** Exercise details **
Of the lines listed below, return exactly those that run from the line containing "kocaeli mavi bayraklı plajlar 2025" through the line containing "The Story Of", both included.

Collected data
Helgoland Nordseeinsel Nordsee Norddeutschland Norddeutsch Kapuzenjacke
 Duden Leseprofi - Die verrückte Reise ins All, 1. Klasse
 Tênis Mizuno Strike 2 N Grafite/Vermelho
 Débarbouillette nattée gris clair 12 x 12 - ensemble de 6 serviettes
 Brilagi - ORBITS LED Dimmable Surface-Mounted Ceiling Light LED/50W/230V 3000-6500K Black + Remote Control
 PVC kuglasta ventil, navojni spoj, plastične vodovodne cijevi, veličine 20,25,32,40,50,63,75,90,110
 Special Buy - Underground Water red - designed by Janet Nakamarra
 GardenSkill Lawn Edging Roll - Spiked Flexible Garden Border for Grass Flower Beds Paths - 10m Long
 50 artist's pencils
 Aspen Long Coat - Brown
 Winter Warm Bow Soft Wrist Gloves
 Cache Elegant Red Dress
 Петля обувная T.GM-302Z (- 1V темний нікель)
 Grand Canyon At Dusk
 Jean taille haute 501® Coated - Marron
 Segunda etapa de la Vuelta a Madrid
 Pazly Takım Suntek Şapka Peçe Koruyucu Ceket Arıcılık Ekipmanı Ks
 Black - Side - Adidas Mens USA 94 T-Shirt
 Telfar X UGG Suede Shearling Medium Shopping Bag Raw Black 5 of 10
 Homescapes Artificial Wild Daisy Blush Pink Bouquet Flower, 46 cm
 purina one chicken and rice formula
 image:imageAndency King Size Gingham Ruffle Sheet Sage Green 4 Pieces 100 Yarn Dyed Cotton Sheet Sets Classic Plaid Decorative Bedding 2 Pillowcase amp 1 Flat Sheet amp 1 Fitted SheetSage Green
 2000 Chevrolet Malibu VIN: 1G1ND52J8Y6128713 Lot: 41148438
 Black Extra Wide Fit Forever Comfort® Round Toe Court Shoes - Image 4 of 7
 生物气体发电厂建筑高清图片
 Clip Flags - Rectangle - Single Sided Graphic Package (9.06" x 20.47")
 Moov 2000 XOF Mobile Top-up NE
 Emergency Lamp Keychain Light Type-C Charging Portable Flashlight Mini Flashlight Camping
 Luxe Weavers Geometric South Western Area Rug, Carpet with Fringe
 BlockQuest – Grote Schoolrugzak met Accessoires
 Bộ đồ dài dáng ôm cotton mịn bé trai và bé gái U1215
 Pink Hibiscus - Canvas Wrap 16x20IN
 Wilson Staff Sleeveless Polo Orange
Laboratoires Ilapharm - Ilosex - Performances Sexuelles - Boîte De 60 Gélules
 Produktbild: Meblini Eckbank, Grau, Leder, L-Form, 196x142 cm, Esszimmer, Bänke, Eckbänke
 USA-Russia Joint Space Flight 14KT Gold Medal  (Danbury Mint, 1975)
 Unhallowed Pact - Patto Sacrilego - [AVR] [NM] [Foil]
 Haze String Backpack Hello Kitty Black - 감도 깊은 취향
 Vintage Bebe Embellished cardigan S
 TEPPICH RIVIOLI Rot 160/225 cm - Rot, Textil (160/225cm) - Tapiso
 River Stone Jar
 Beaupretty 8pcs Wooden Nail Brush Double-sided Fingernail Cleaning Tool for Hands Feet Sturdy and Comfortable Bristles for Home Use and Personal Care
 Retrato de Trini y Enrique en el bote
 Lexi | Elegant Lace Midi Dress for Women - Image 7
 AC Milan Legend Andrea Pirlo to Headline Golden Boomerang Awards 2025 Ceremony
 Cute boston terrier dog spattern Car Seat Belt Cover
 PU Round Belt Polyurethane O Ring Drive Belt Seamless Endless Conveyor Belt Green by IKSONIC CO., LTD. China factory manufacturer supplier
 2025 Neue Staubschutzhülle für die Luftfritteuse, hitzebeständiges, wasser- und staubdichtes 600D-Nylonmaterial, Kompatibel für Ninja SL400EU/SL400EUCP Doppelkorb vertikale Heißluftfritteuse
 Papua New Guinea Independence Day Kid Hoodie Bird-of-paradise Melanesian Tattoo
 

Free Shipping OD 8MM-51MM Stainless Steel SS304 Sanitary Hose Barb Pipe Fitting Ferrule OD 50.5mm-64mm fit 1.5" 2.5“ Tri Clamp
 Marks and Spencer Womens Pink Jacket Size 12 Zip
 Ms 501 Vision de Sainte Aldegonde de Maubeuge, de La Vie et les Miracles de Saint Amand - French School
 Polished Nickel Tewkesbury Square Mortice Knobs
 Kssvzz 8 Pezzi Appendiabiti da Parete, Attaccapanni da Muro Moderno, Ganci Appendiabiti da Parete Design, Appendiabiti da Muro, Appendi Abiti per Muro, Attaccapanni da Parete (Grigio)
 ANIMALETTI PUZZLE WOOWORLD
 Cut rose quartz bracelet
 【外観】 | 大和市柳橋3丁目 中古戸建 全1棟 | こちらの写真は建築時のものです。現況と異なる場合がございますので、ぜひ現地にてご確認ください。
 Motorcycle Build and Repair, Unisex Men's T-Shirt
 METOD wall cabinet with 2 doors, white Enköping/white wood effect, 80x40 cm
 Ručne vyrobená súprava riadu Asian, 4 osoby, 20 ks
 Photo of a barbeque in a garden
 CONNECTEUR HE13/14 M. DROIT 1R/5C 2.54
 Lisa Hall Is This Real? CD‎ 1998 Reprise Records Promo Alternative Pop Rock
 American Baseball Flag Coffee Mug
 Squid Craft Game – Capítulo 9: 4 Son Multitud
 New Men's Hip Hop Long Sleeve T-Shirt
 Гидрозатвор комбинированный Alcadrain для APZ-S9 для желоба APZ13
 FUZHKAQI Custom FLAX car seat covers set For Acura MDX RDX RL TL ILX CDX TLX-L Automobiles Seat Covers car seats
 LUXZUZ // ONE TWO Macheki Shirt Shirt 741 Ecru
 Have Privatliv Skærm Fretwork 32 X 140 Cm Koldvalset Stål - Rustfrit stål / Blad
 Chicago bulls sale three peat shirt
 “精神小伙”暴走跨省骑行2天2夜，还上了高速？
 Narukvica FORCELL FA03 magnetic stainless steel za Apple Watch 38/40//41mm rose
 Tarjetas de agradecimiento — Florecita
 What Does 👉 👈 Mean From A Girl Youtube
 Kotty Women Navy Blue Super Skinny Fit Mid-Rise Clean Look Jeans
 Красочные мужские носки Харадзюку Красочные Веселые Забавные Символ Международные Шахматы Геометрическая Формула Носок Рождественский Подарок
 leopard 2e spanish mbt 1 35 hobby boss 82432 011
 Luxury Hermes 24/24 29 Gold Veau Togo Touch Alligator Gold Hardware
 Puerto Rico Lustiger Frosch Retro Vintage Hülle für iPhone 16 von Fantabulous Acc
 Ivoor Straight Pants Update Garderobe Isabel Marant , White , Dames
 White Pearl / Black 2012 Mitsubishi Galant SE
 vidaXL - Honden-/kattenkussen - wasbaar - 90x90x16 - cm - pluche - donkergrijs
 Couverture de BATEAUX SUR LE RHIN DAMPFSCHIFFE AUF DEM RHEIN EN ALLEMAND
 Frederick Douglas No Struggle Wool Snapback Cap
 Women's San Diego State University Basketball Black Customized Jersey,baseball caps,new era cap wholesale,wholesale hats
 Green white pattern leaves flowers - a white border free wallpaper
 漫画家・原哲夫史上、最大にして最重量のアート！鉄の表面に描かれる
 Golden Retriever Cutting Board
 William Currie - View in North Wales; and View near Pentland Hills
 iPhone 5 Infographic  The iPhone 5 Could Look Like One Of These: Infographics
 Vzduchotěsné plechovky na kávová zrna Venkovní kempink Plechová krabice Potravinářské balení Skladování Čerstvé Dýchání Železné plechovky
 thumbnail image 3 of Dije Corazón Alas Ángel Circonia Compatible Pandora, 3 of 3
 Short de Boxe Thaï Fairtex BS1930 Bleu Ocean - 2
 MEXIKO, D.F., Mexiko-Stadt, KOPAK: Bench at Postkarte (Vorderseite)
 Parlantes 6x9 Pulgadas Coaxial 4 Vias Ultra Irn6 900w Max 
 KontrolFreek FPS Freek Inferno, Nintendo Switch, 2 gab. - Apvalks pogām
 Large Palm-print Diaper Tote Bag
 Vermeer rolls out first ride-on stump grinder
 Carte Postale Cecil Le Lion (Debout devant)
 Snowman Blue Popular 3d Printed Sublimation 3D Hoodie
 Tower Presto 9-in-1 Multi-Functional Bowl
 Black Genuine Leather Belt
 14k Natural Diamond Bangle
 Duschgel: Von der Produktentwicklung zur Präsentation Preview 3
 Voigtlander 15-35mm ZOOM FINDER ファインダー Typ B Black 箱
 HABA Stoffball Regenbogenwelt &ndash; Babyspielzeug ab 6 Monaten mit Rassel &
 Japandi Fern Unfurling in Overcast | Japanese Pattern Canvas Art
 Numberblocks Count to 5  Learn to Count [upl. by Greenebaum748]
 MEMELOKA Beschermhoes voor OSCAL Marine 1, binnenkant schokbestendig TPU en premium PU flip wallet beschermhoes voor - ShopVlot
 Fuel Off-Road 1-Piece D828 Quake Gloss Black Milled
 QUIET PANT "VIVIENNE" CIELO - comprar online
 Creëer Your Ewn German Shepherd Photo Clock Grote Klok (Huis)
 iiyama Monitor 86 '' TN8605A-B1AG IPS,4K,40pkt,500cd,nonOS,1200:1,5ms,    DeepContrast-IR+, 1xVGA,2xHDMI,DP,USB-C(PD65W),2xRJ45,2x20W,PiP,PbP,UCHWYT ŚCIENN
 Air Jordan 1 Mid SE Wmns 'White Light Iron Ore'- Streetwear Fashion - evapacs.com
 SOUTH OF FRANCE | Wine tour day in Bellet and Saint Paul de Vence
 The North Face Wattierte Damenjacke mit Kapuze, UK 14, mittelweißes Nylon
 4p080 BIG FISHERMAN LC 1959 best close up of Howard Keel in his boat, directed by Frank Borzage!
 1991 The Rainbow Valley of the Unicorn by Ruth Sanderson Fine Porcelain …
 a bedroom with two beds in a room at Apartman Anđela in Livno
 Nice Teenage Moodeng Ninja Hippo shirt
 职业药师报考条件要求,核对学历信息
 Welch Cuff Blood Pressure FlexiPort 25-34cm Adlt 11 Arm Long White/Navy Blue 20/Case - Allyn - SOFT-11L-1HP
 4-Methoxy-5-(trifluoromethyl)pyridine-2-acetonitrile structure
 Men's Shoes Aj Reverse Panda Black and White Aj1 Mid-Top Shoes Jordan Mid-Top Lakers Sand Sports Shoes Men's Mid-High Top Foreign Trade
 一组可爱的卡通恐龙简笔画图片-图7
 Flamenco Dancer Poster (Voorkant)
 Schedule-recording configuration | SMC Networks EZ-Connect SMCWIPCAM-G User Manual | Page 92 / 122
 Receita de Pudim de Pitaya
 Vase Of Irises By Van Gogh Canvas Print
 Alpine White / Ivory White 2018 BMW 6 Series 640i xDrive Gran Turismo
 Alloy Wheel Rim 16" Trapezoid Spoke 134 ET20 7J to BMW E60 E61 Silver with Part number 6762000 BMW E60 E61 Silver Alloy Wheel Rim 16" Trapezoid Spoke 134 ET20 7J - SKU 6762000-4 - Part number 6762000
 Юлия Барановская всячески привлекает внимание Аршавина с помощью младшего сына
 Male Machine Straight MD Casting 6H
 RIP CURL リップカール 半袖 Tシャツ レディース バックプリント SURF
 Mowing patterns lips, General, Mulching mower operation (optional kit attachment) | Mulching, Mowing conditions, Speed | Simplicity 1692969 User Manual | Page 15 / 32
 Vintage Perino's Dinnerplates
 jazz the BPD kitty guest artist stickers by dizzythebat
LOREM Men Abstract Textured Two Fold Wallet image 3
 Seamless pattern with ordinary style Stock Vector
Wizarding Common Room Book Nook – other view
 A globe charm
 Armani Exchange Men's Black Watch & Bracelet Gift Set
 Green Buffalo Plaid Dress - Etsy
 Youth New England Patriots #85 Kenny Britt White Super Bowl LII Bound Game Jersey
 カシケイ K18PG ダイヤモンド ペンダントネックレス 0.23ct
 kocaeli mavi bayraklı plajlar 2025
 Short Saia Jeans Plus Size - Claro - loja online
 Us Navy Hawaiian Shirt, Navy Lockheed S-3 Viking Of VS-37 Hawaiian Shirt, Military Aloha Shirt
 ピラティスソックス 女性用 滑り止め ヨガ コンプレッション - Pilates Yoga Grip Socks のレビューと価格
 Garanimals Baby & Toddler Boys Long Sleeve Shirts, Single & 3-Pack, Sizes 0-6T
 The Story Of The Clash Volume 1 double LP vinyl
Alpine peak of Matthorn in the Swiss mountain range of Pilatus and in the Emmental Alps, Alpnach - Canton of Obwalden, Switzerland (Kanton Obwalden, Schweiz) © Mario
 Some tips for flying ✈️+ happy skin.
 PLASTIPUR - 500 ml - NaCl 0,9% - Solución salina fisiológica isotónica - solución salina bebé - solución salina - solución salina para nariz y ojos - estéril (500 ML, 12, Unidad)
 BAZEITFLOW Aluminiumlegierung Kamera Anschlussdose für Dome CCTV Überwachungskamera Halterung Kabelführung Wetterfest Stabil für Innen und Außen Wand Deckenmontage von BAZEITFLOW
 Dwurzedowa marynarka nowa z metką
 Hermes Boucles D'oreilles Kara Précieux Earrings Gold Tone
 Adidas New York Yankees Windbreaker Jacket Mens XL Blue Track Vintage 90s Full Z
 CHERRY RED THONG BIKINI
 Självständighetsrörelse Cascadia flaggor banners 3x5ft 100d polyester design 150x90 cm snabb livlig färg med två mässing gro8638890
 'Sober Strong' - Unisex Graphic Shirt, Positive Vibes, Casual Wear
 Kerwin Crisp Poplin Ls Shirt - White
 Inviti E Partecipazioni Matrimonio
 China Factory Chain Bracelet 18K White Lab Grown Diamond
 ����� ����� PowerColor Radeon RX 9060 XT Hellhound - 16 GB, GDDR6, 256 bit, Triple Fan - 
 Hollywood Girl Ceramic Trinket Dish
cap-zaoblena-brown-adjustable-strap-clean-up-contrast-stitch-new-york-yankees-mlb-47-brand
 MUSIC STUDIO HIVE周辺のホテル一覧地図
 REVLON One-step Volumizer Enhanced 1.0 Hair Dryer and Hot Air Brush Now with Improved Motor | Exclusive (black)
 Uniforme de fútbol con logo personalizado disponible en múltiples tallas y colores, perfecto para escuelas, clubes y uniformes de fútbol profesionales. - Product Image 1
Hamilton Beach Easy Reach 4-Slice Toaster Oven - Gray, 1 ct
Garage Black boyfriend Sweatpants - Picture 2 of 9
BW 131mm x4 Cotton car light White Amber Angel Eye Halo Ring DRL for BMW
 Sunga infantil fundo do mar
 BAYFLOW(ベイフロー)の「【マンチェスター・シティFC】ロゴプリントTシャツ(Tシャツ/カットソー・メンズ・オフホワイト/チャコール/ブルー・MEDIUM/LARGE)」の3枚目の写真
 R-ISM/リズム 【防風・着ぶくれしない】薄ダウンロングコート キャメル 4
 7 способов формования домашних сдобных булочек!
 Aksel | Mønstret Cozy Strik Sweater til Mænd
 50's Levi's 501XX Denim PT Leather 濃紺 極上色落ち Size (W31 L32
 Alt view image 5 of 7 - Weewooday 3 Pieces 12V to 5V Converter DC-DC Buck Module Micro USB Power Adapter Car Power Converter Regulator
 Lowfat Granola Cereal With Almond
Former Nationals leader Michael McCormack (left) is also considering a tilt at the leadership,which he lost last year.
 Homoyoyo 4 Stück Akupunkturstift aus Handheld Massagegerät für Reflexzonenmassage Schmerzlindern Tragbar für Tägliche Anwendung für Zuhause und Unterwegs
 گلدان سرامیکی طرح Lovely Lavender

** Reply **
 kocaeli mavi bayraklı plajlar 2025
 Short Saia Jeans Plus Size - Claro - loja online
 Us Navy Hawaiian Shirt, Navy Lockheed S-3 Viking Of VS-37 Hawaiian Shirt, Military Aloha Shirt
 ピラティスソックス 女性用 滑り止め ヨガ コンプレッション - Pilates Yoga Grip Socks のレビューと価格
 Garanimals Baby & Toddler Boys Long Sleeve Shirts, Single & 3-Pack, Sizes 0-6T
 The Story Of The Clash Volume 1 double LP vinyl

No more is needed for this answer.